The negotiations for the sponsorship deal entailed Kevin McCabe himself visiting China for the first time. He went with the preconceptions that many people have of China, expecting to find “grey smocks and communism”. Instead, he discovered a place which was, in his words, “Westernised, similar to the British society and a people with tremendous commercial enterprise.”
While in China he also thought that there might be some opportunities in his other lines of business (Sheffield United is not just a football club, but has interests in property and leisure). Initially, he was motivated by the prospects in property, not in “direct development” but in trading and buying with a view to leasing or selling. In conjunction with a joint venture partner, properties were bought in the southern city of Shenzhen to provide serviced apartments and serviced offices.
Wherever he went in China, the subject of football would invariably come up, and people Kevin McCabe met were most interested in his position as chairman of Sheffield United. He was bombarded with proposals, most of which he rejected, but he did accept an offer to take on the running of a football academy on Hainan, which was also connected to a sponsorship deal for the Junior Academy in Sheffield.

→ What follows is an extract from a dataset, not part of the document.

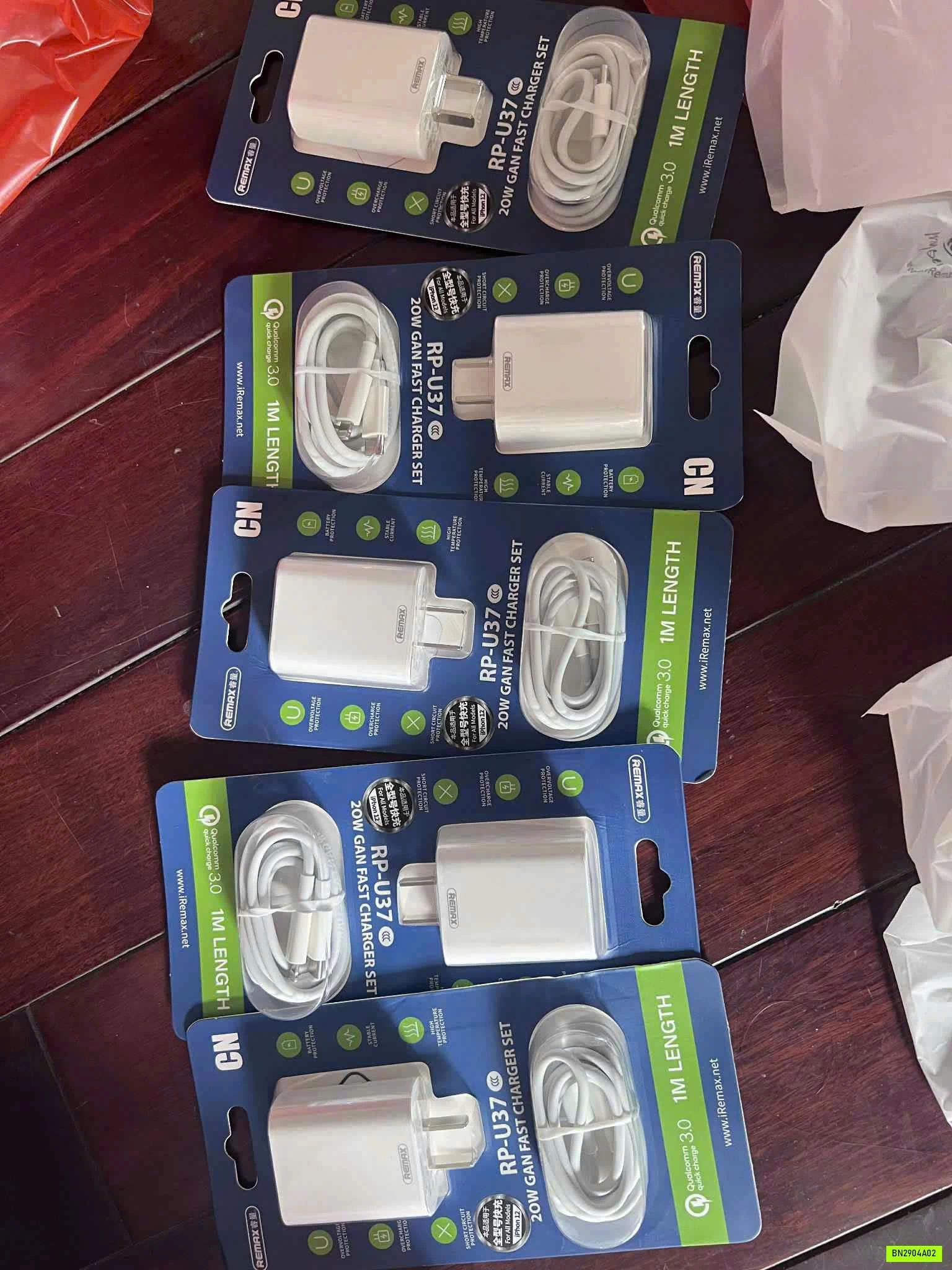 BỘ SẠC NHANH REMAX-RP-U37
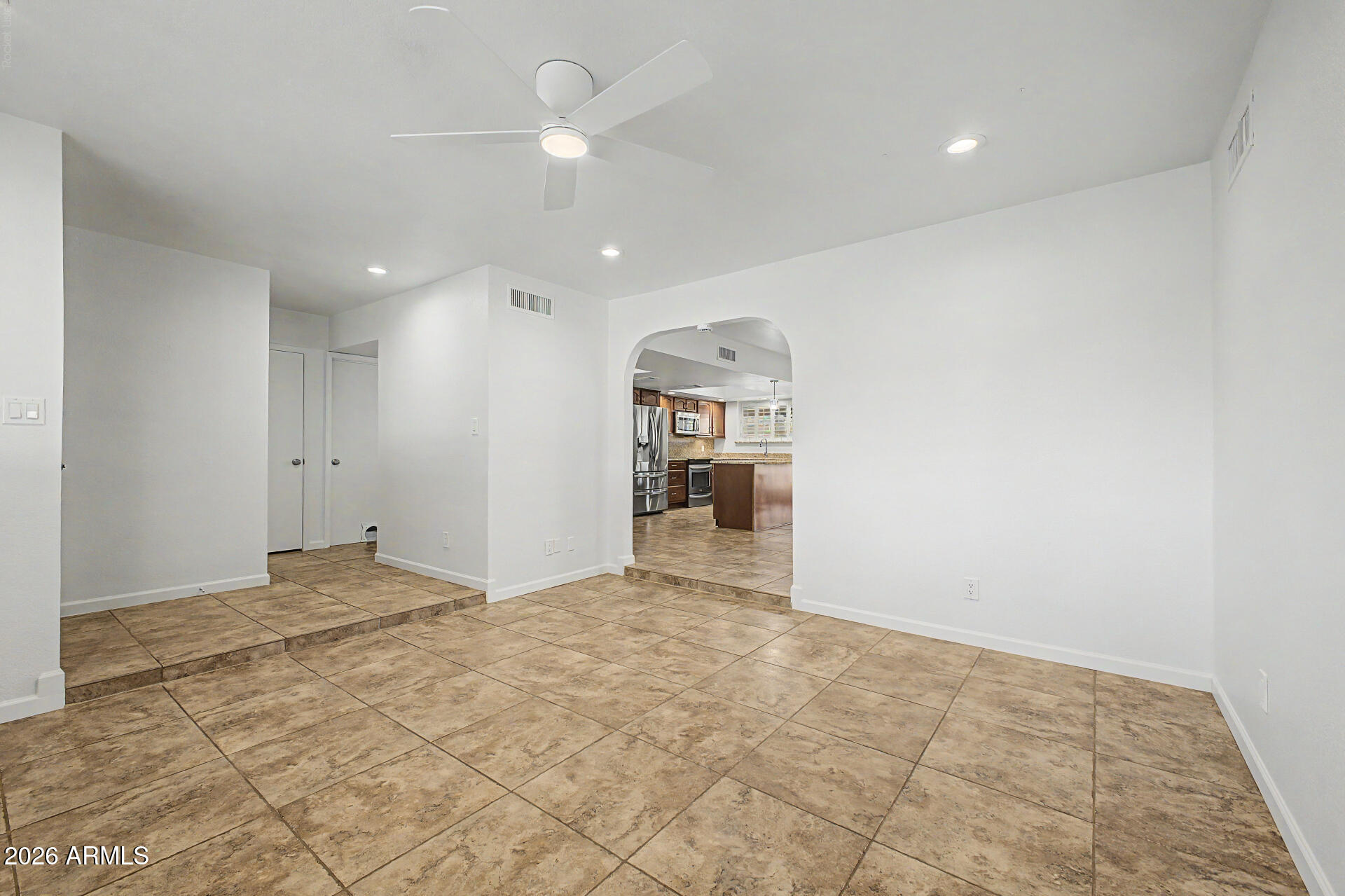 SUNRISE UNIT 4 - Residential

Then in January 2005 the Blades (the name of the Sheffield United team) signed the renowned Chinese footballer Hao Haidong to their squad. Hao Haidong, who had played more than 90 times for China, was taken on not so much to play first-team football but to do some coaching for young Chinese footballers and, more generally, to serve as a bridge to China.
Subsequently, Sheffield United agreed to acquire Li Tie from Manchester City to strengthen the connection with top Chinese footballers.
The following July, the Blades went on a pre-season tour of Shenyang, Xi’an and Hangzhou, with Hao Haidong in the team. The trip was a great success. Not only did it make money for the club but, more important than this, it introduced Sheffield United to a wider audience in China. With the Chinese love of history, it played strongly in the club’s favour that Sheffield United is actually the oldest football club in England and Bramall Lane (where Sheffield United plays) is considered to be the home of association football.
As he watched the games and went to different grounds, the businessman in Kevin McCabe observed a glaring gap in the market. “They have the stadiums [in China], but they don’t know how to fill them, or use the retail potential,” was his analysis. With the property business developing well, he shifted his focus to football.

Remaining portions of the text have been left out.